Being forthcoming about policies and decision-making processes before an issue arises is a top ethical priority, medical ethicists say. And that means policies have to be soundly in place well in advance of any member complaints.
Establishing guiding principles related to genetic testing is an immediate concern because such testing is already available for many diseases, Caplan says. "We're going to hear a growing drumbeat from doctors who are offering these tests to patients, and the patients will want to know if a managed care company will pay for it. This is an expanding area of medicine. There's no therapy; it's just getting information. But doctors offering it will put pressure on health plans to decide whether or not they are going to cover it."
One issue that may arise as health plans consider various coverage issues is that members' religious beliefs could be breached through the coverage of specific procedures, says MSU's Fleck. "More medical interventions may trigger religious or moral objections, particularly reproductive technologies. Individuals will say sincerely that they have a deep conscientious objection to the procedures and yet their money — the money they and the company pay in for insurance — is helping to facilitate access to these services. But denying coverage may deny a couple the opportunity to have children, or force them to accept the risks of having a child with a genetic disorder that could have been detected. Neither of those are good outcomes."
Managed care plans are reluctant to have these kinds of wide-reaching ethical conversations with their members on the whole, Fleck says.
The competitive health care environment doesn't help, he adds. A health plan that uses evidence to deny a marginally beneficial treatment, and then publicly declares that policy, might have that decision used against it. "Plan B might say to people, You are foolish for signing up with Plan A because they are making rationing decisions," Fleck says. "But every managed care plan has to control costs in some fashion, and controlling costs involves denying individuals marginally beneficial health care."

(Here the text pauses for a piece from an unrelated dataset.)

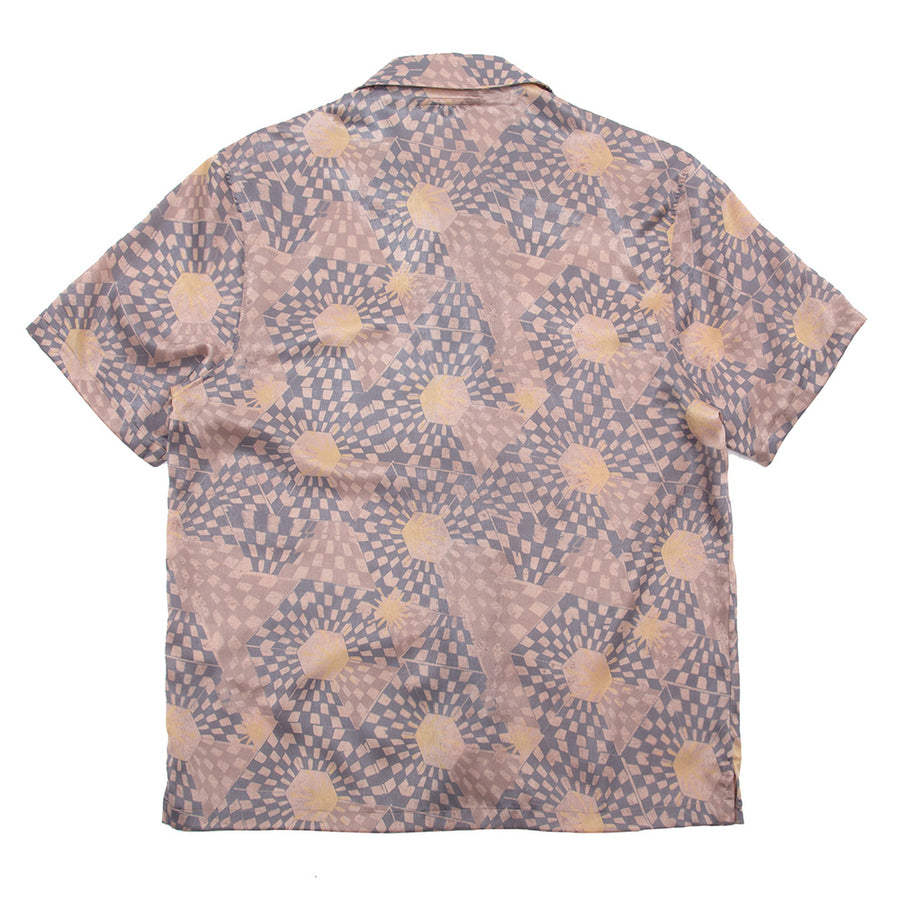 Short Sleeve Wave Shirt - Warped Honeycomb Print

Still, Fleck recommends starting a dialogue with members. "I encourage health plans to publish informative pieces in their newsletters explaining to their membership the problems that we face and why we face them. Stories on expanding medical technology, what 'marginal benefits' are all about, and what the implications are of failing to make better choices about using some of these technologies are all good topics to cover."
End "medical necessity"?
The good news is that consumer-directed health care should enable health plans to direct more time and resources to big issues, says the University of Tennessee's Morreim. Giving more attention to evidence-based medicine and the development of sound, defendable coverage policies — perhaps even doing away with "medical necessity" and coming up with more concrete ways of stating how coverage decisions are made — is an important opportunity for health plans, she says.
"To the extent that health plans will no longer need to focus on the little expenses of health care, because those will be in patients' hands, health plans will be more free to focus on the area that is above the threshold of a high deductible, where the fewest patients are but where most of the money goes," Morreim says. "Managed care organizations have an obligation to get a better grip on evidence-based care for higher-cost illnesses and injuries and then begin to shape coherent policies regarding coverage.
"That's significant," she continues, "because only when we figure out how to use the money better can we then begin to look at how to use the money best."